После этого, через год, они сделали такой вечер в Большом театре на новой сцене. Совершенно потрясающе! Потому что я действительно не мыслю своей жизни без Пушкина. Не знаю как во всем мире, кому-то, вероятно, ближе Шекспир или Байрон, а для меня вся поэзия воплощена именно в Александре Сергеевиче. Иногда слушаю, как читают Пушкина молодые, и думаю, что они еще не могут понять в полной мере сладость каждого слова. Понять не головою, а вот как-то пупком. Пуповиной, которая связывает тебя с ним. Когда пушкинское слово рождается именно сейчас, в эту секунду и в то же время пребывает в вечности. Это удивительное ощущение. Я очень люблю роман Юрия Тынянова «Пушкин». И когда перечитываю, возникает удивительное ощущение, будто я к этому причастна, будто я жила в то время, когда Пушкин ходил с няней гулять. Будто вживую все это видела, не читала, а именно видела! И как-то очень хорошо понимаю его фразу про Татьяну «русскую душою». Про то, что ее цельность, ее целомудрие сродни самой русской природе. Такой зелено-травяной, ситцевой, тихой.
Любить Пушкина и не побывать в Михайловском невозможно. И однажды мы отправились туда двумя машинами: в одной Валентина Тихоновна Панфилова с мужем, в другой — Мишка, Оля и я. Валя как настоящий директор театра все заранее узнала — где остановиться, куда пойти. Приехали сначала в Святые горы, были на могиле Пушкина в Святогорском монастыре. Добрались до гостиницы. Какая-то она такая оказалась «советская». Валентина Тихоновна говорит: «Нет, нет, нет. Здесь мы жить не будем». Тут же позвонила куда-то, узнала, что есть гостевой домик в самом Михайловском. Едем туда. По дороге заезжаем в усадьбу к Ганнибалам. И, наконец, оказываемся в Михайловском. Дом Пушкина маленький — три комнатки, кухня, верандочка. Рядом — избушка Арины Родионовны.

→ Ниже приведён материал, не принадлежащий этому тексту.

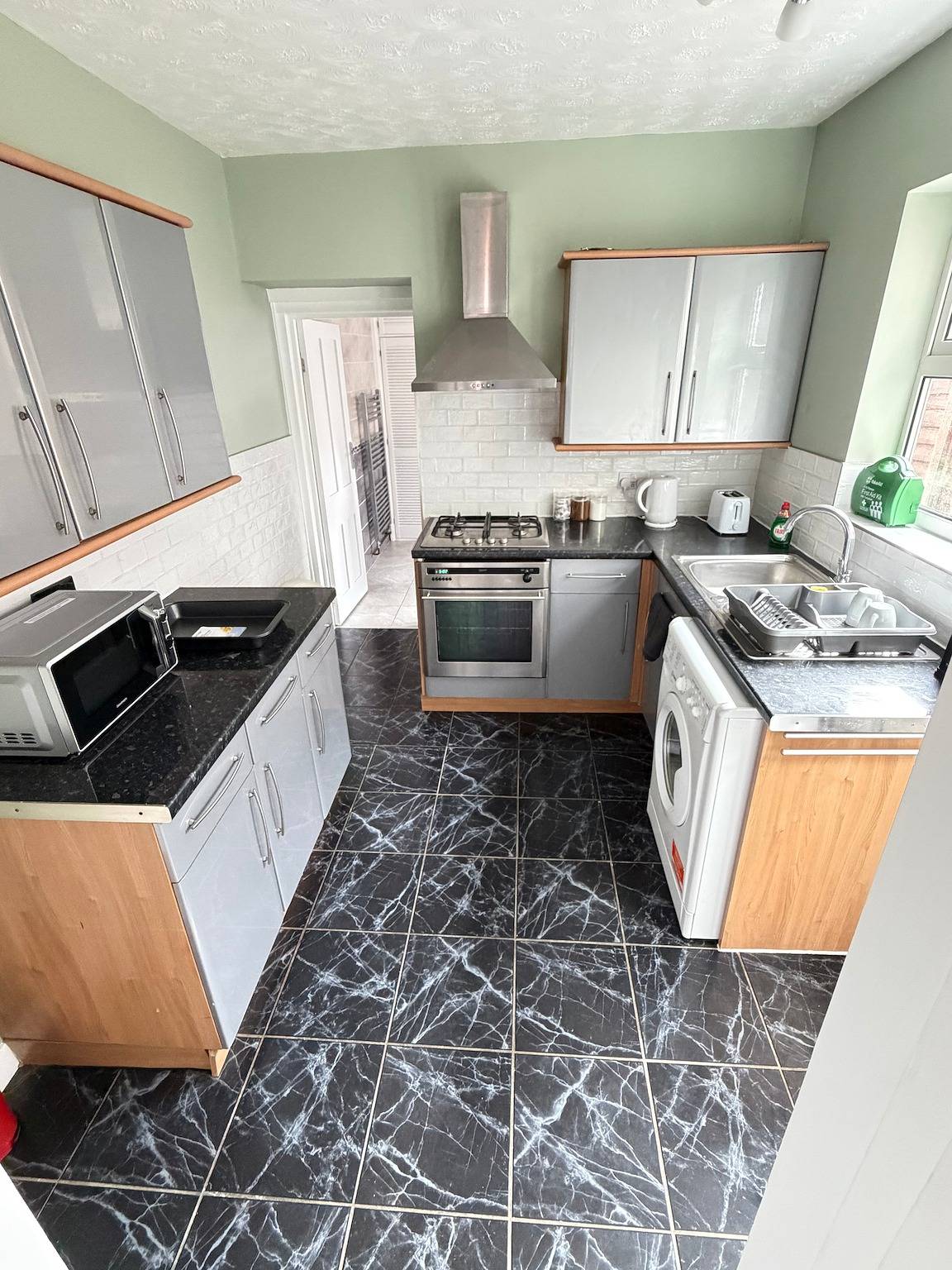 3 Bed House Contractor Friendly Long Stays Welcome in Bedford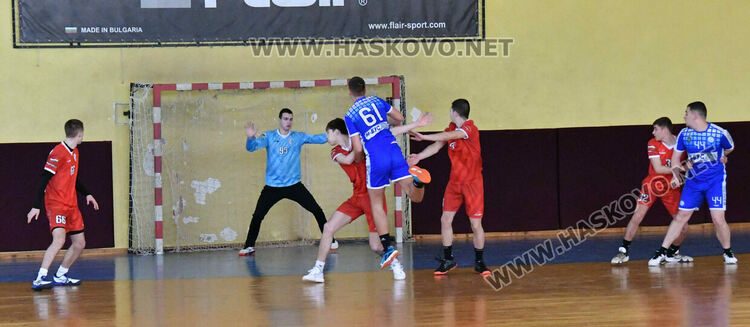 „Асти“ записа победа и загуба в първенството за хандбалисти до 19 г.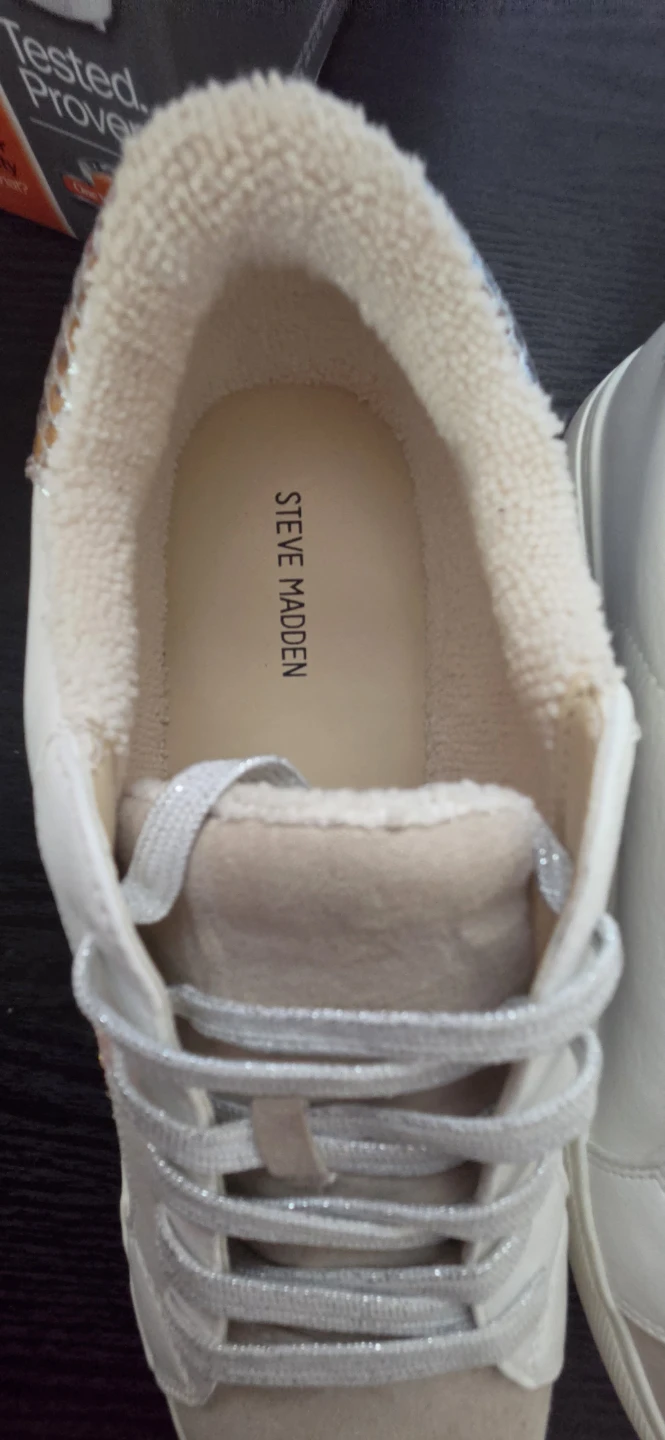 Steve Madden White & Tan Star Sneakers - photo 2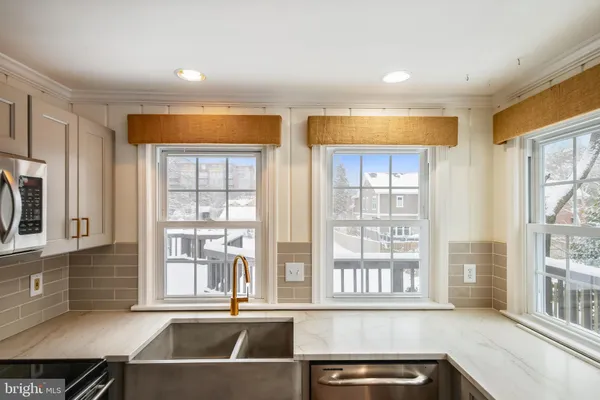$6,200 | 111 South Oak Street, Falls Church, VA 22046
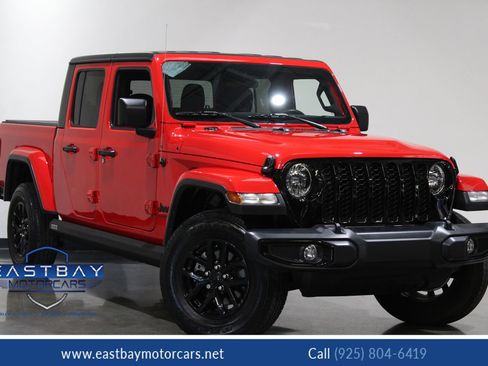 Used 2022 Jeep Gladiator Sport image 1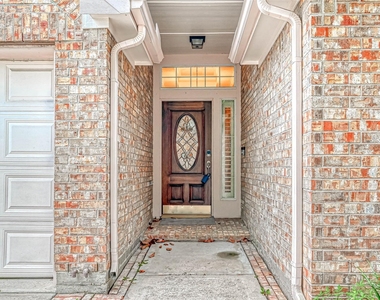 5213 Cottonwood Creek Lane - Photo Thumbnail 1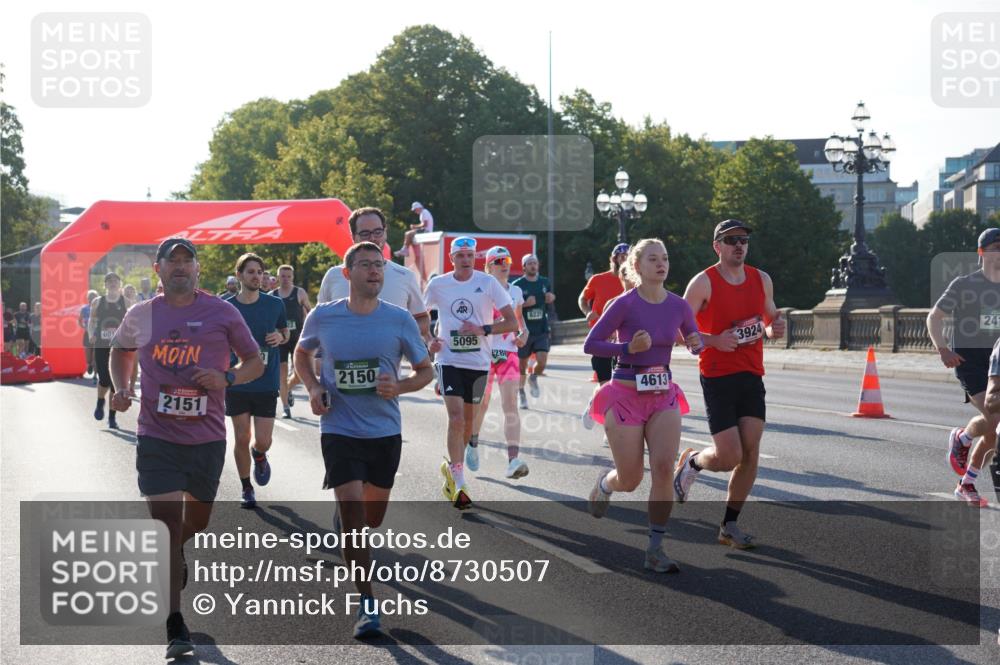07.09.2025 - BARMER Alsterlauf Yannick Fuchs http://msf.ph/oto/8730507 07.09.2025 08:58:57 Laufen 2151, 2150, 5095, 28, 8221, 4613, 3924, 241 meine-sportfotos.de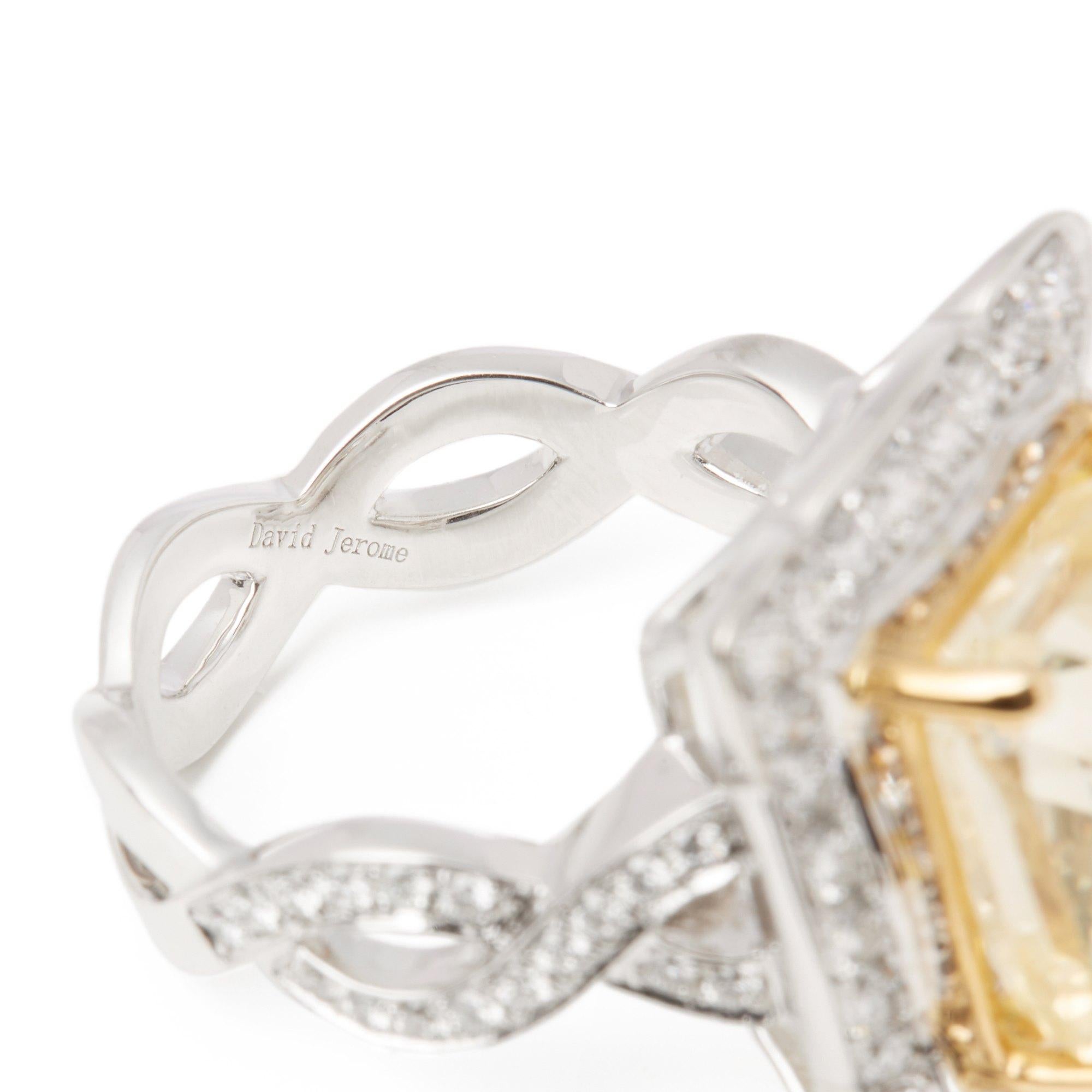 18 Karat Weißgold Gelber Saphir und Diamant Cluster-Ring im Angebot 1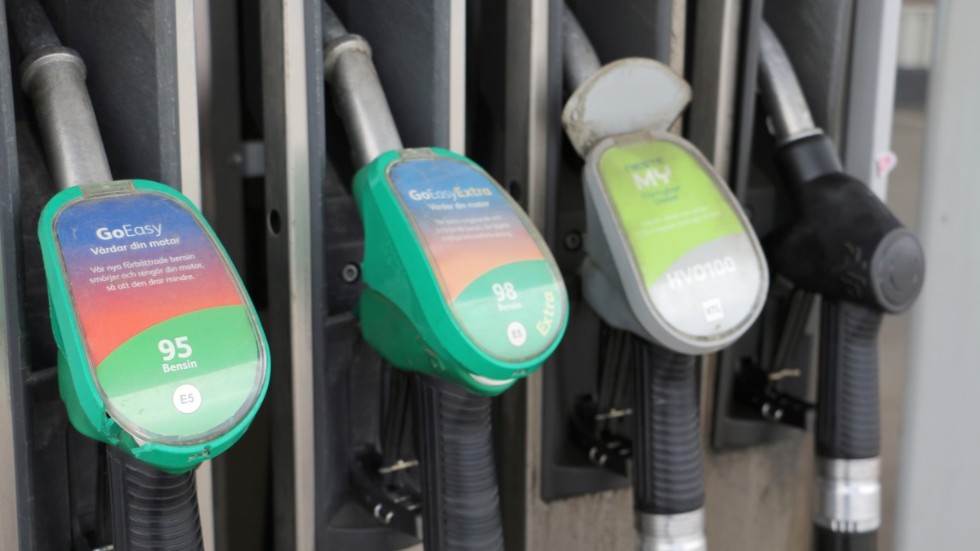 Regeringen talar tyst om en prischock för svenska bilister vid pump.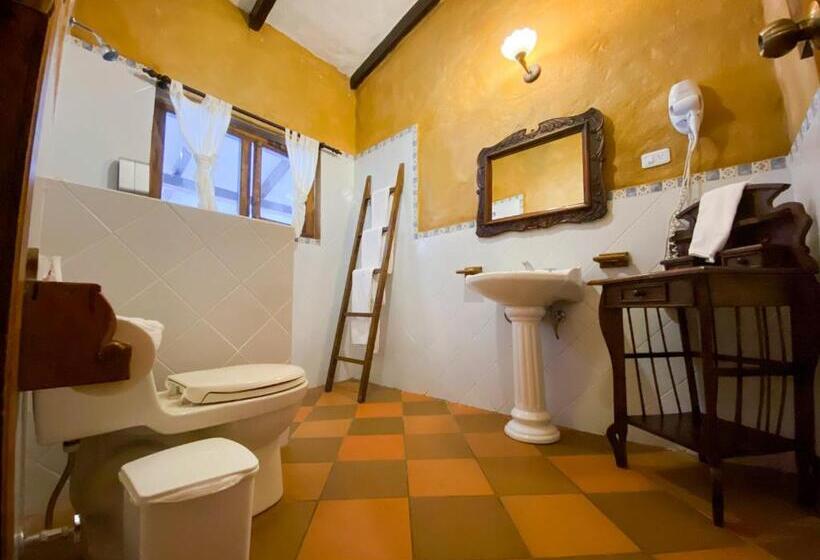 غرفة قياسية ثلاثية, Hacienda San Francisco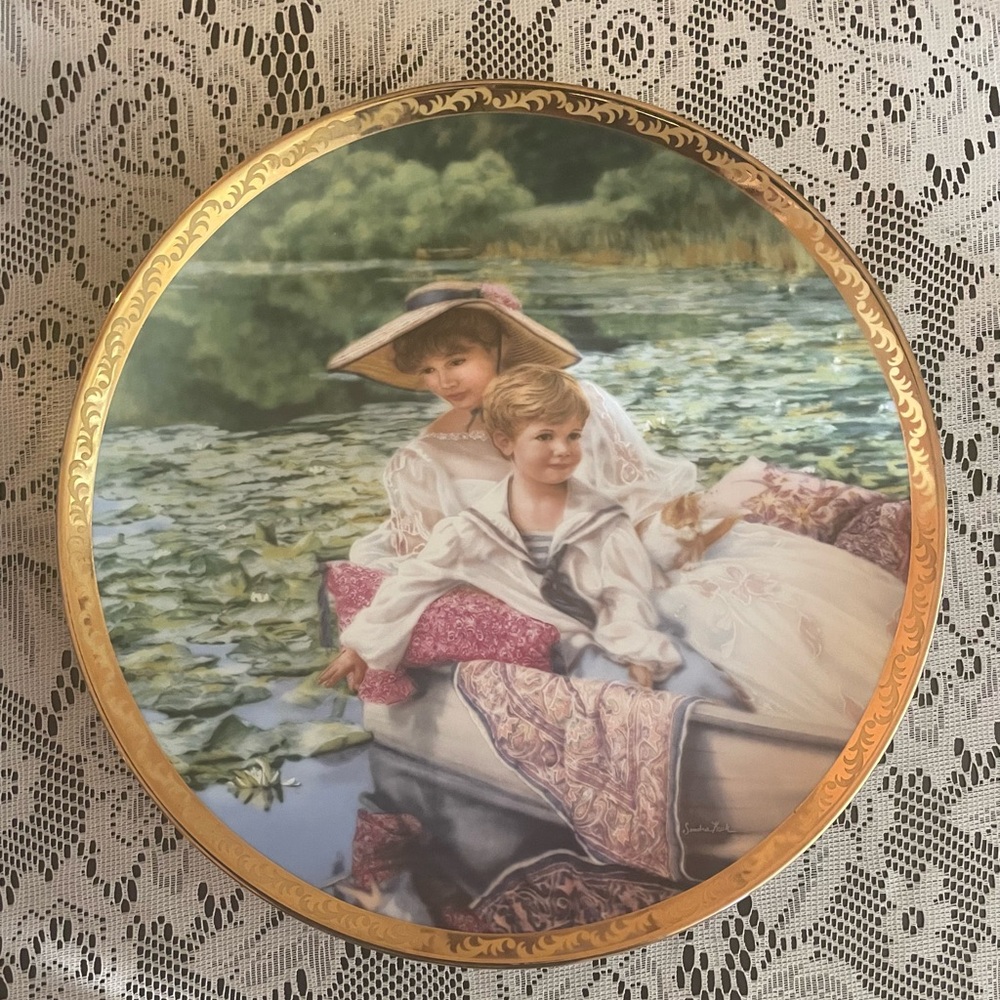 Reflections of Love 9.5” Plate -The Reco Collection 1990 Mothers Day Birthday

А с верандочки лестница ведет прямо к речке Сороти. И сама усадьба небольшая. Гуляем по аллеям, рядом экскурсия и вдруг слышу абсолютно оперное колоратурное сопрано: «Я помню чудное мгновенье». Оборачиваюсь, экскурсоводша в экстравагантной шляпе поет. Думаю: «Мать честная! Это что-то невероятное».
А на следующее утро, в шесть часов, когда никого еще нет, я отправляюсь к Сороти. А идти надо так: из дома, где мы живем сначала по гравийной дорожке, потом по песчаной. И такая вокруг тишина, что звук моих сандалий ощущается как громыхание. Прохожу прямо по усадьбе, мимо дома Пушкина, и все время думаю как он стоял на крыльце и встречал Дельвига, глядя вот на эту вот калитку. Выхожу из калитки, и вдруг вижу — колея. Причем, не шинами машин наезжена, а телегой! Колея от телеги, совсем как при нем. И вот эта тишина, трава на заливных лугах, густая невероятно, это ясное утро — все пушкинское. Вдруг слышу звук из детства, как-будто дерево об дерево стучит, а я уж давно городской житель, не сразу поняла — ведь это же молотилка! Не механическая, а вот именно такая, какой в Алексеевке молотили хлеб!
В Михайловском у меня было ощущение, будто бы я вернулась домой. И, конечно, надо обязательно свозить туда внуков. Вот сейчас подрастут немножко и поедем!